J Thorac Cardiovasc Surg. 2000 Dec;120(6):1093-6. doi: 10.1067/mtc.2000.110182.
The objective of this study was to gain insight into the incidence and sequelae of injury to the major airways during subtotal esophagectomy.
We performed an analysis of 383 consecutive patients undergoing this procedure between 1993 and 1999. Indications were adenocarcinoma (220), squamous cell carcinoma (121), and other (42). Transhiatal resection was done in 269 (70%) patients and transthoracic resection in 114 (30%).
There were 4 men and 2 women (median age 57 years; range 45 to 68 years) with injury to the major airways, recognized during surgery in 5 patients and on the first postoperative day in the other. Five lesions occurred during transhiatal resection (5 of 269 = 1.8%) and 1 during transthoracic resection (1 of 114 = 0.8%; P =.67). The injury occurred proximal to the carina in 5 patients and in the left main bronchus in the other. All injuries could be closed primarily. The defect was covered with pericardium in 1 patient and with pleura in 2 patients. In all cases the gastric tube was placed over the defect. Pulmonary complications developed in 4 patients.
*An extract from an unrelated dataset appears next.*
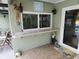 Outdoor patio with a serving area and a pass through window at 273 Gulfport Ln, Spring Hill, FL 34608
Patients with tracheal injury required artificial ventilation for a longer period (median 6 days vs 1 day; P =.02) and stayed longer in the intensive care unit (median 11 vs 3 days; P <.01) than patients without such injury, although hospital time was not significantly prolonged (median 23 vs 16 days; P =.09). There was no associated mortality.
Tracheobronchial injury is a rare complication of subtotal esophagectomy. It can be managed effectively by primary closure and apposition of vital tissue (gastric tube) to the defect. It is associated with pulmonary complications, leading to prolonged assisted ventilation and stay in the intensive care unit, but mortality is rare.
本研究的目的是深入了解次全食管切除术中主要气道损伤的发生率及后遗症。
我们对1993年至1999年间连续进行该手术的383例患者进行了分析。手术指征为腺癌(220例)、鳞状细胞癌(121例)和其他(42例)。269例(70%)患者行经裂孔切除术,114例(30%)患者行经胸切除术。
有4例男性和2例女性(中位年龄57岁;范围45至68岁)出现主要气道损伤,其中5例在手术中被发现,另1例在术后第一天被发现。5例损伤发生在经裂孔切除术中(269例中的5例 = 1.8%),1例发生在经胸切除术中(114例中的1例 = 0.8%;P = 0.67)。5例患者的损伤发生在隆突近端,另1例发生在左主支气管。所有损伤均能一期缝合。1例患者的缺损用心包覆盖,2例患者用胸膜覆盖。所有病例中胃管均置于缺损上方。4例患者出现肺部并发症。气管损伤患者需要更长时间的人工通气(中位6天 vs 1天;P = 0.02),在重症监护病房停留的时间更长(中位11天 vs 3天;P < 0.01),尽管住院时间没有显著延长(中位23天 vs 16天;P = 0.09)。无相关死亡病例。
气管支气管损伤是次全食管切除术的一种罕见并发症。通过一期缝合及将重要组织(胃管)贴附于缺损处可有效处理。它与肺部并发症相关,导致辅助通气时间延长及在重症监护病房停留时间延长,但死亡率罕见。